April 16, 2024 08:57 AM By Paul Boucher

I celebrate three things - knowledge, literacy, and most importantly, the person who helped provide me with the first two: my mom.

It’s National Librarians Day today.

Stephen King wrote in his book On Writing that to write, you need to read everything you can get your hands on. Be omnivorous.

Long before I read that, my mom, a librarian at the Kapuskasing Public Library where I grew up, sat me in front of our 20 or 30-volume American encyclopedia when I wanted to learn how to speak English and said essentially, “…Ok, commence avec les “a” (start with the A’s)…”. 😆

She instilled a voracious appetite for words and knowledge that is still with me. Now that I think about it, King’s likely satisfied it more than any other author.

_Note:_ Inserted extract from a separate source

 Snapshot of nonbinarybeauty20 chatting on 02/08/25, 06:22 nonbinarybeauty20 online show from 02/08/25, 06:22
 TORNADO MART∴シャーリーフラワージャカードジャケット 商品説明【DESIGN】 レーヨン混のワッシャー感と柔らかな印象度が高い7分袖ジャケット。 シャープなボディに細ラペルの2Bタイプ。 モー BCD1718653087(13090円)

It’s also one of the main reasons I genuinely revel in the opportunity to narrate scripts of every kind, every day, in two languages, as a voice actor. eLearning scripts are a map to treasure to be discovered. As a voice actor, I love the thought of helping a learner find the X that marks the spot where they now KNOW something new.

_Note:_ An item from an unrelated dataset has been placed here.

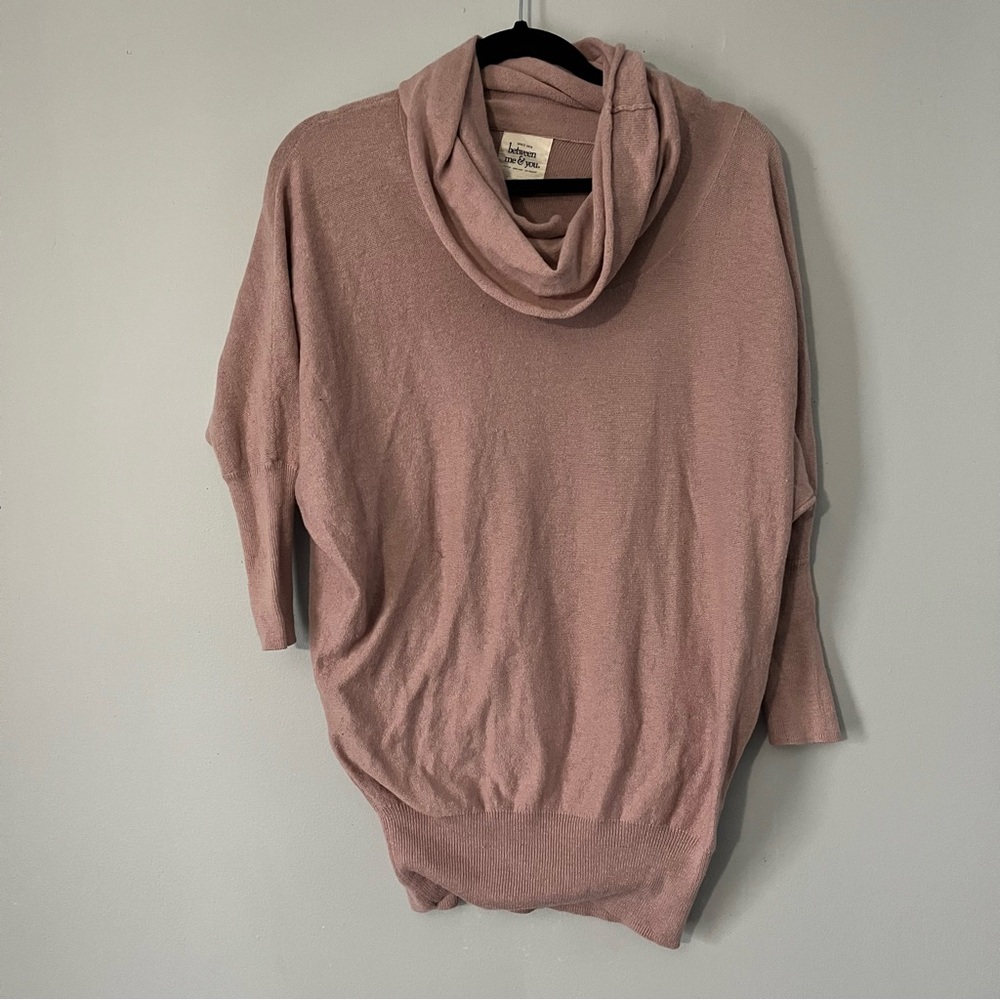 Between you & me light pink cowl neck sweater size small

Partially inspired by my wife, whose mom was a teacher, and my librarian mom, I’ve enjoyed having a guy’s book club for over twenty years. We call it Liquor & Letters, and we have a bottle of whisky every month to “facilitate” the conversation over a book one of us picked. We reflected just last week that, as a club, we’ve wandered through a fabulously eclectic collection of over 250 books in our time together. Ditto the whisky variety – but that’ll be another post. 🥃

Pause for a moment to think of librarians who share their passion and who make the road less traveled a path possible to imagine for their young charges.

From story time for elementary kids (pictured) to feeding adolescents novels and non-fiction of growing complexity, they continue to deliver joy in bound pages for their curious customers.



How many terrific writers were inspired by something a librarian chose for them? The librarian respected their intelligence and trusted them to find their way through. It’s a vote of confidence in your intelligence that you don’t find from just anyone. It helps inspire the fabulous hubris that leads to fantastic flights of imagination from Tolkien to Franzen to King. It builds the mental muscle to inspire less fantasy with facts from Smil, Harari, and Bryson.

Libraries are a powerful equalizing force. I’ll never forget walking into my mom’s library office in 1984 and seeing a beige IBM PC and asking her what THAT was. She explained that it was the Inter-Library Loan Computer and that with the program, even in our small town, students could get any book they needed sent to them from the bigger cities in the south. In my mind, it was a bridge to the rest of the world. That notion has forever been at the base of my belief that the Internet is one of the most potent forces for good in the hands of most of the world.

Where I now live, in Calgary, the new Central Library is that bridge for new Canadians. They access language classes, study for the citizenship test, and find resources to help them understand the strange new context they’ve landed in – and how their life and experiences can become part of the fabric of their new community.

If you haven’t been to a library branch in a while, I encourage you to wander into the closest one, look for one of your favorite authors, pull up a chair, put your phone on DND, and get lost in the forest of letters that always end up being so much more than the sum of their parts. 

Take your kids. Let them discover the visceral joy of judging a book by its cover…and delight in showing them how there’s sometimes more to it than that. It’s a profound pleasure we often take for granted.

I’ve loved sharing my love of reading with my kids. Bedtime story times are still some of my most treasured memories with them.

This means that I owe some of the best moments of my life to what I was taught by a librarian. So, on National Librarians Day, I’m toasting my librarian mom and librarians everywhere.